## DATA
-*-

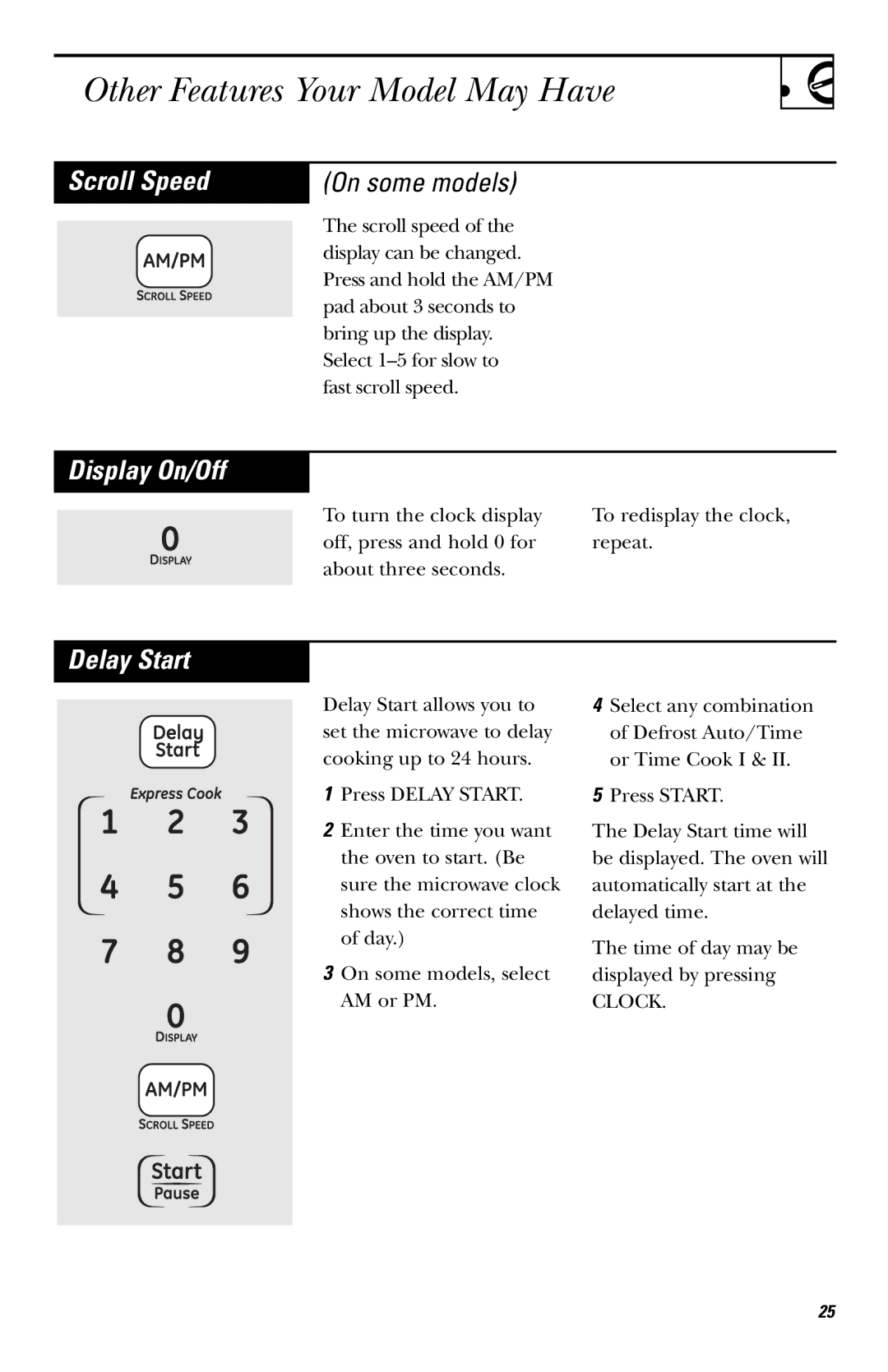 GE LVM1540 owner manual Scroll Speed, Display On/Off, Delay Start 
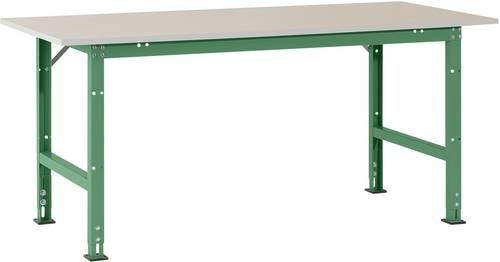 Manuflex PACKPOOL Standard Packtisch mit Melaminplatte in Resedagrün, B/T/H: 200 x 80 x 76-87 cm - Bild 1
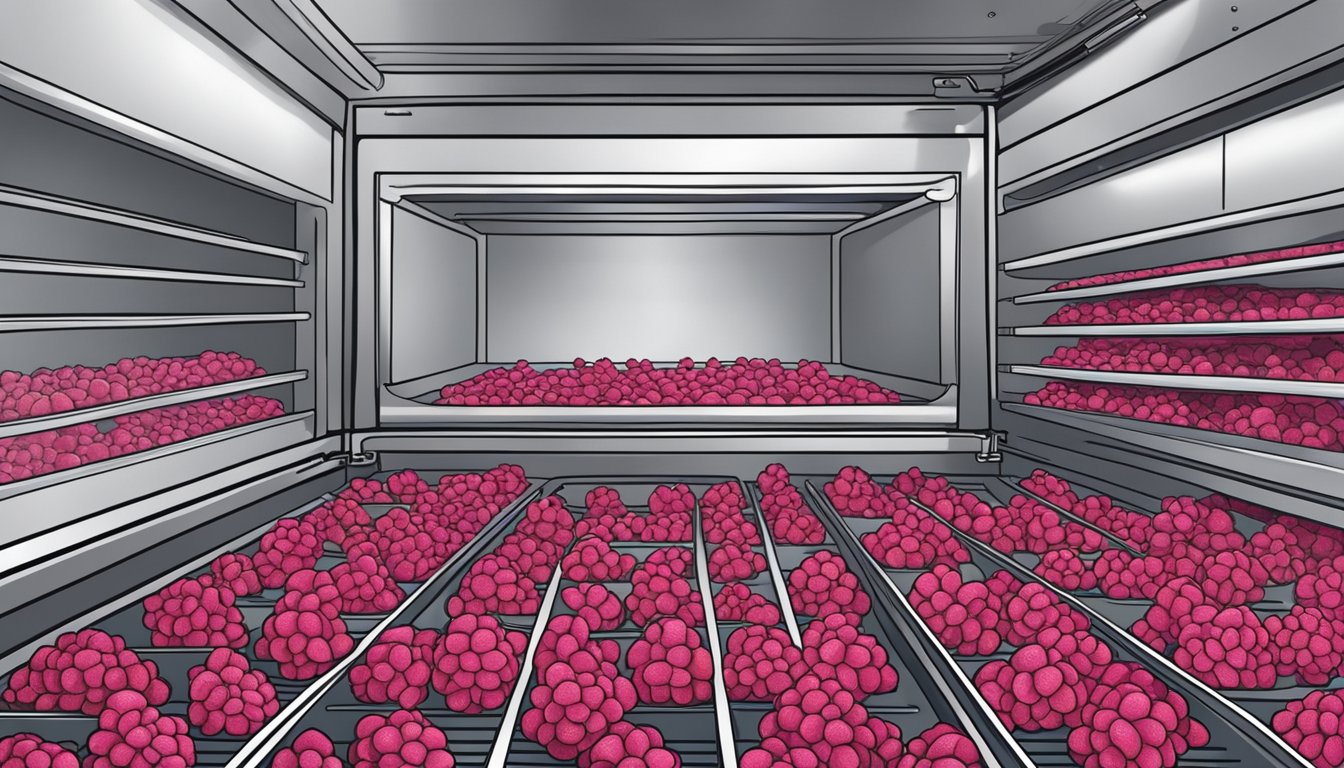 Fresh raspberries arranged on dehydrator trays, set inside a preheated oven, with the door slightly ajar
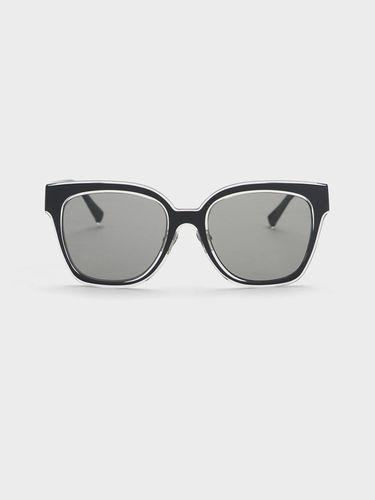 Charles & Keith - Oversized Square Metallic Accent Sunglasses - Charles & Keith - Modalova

-*-

## WHAT YOU SHOULD DO
The output should be the material above, copied exactly, without its pictures.

## RESULT
 GE LVM1540 owner manual Scroll Speed, Display On/Off, Delay Start 
 Manuflex PACKPOOL Standard Packtisch mit Melaminplatte in Resedagrün, B/T/H: 200 x 80 x 76-87 cm - Bild 1
 Fresh raspberries arranged on dehydrator trays, set inside a preheated oven, with the door slightly ajar
 Charles & Keith - Oversized Square Metallic Accent Sunglasses - Charles & Keith - Modalova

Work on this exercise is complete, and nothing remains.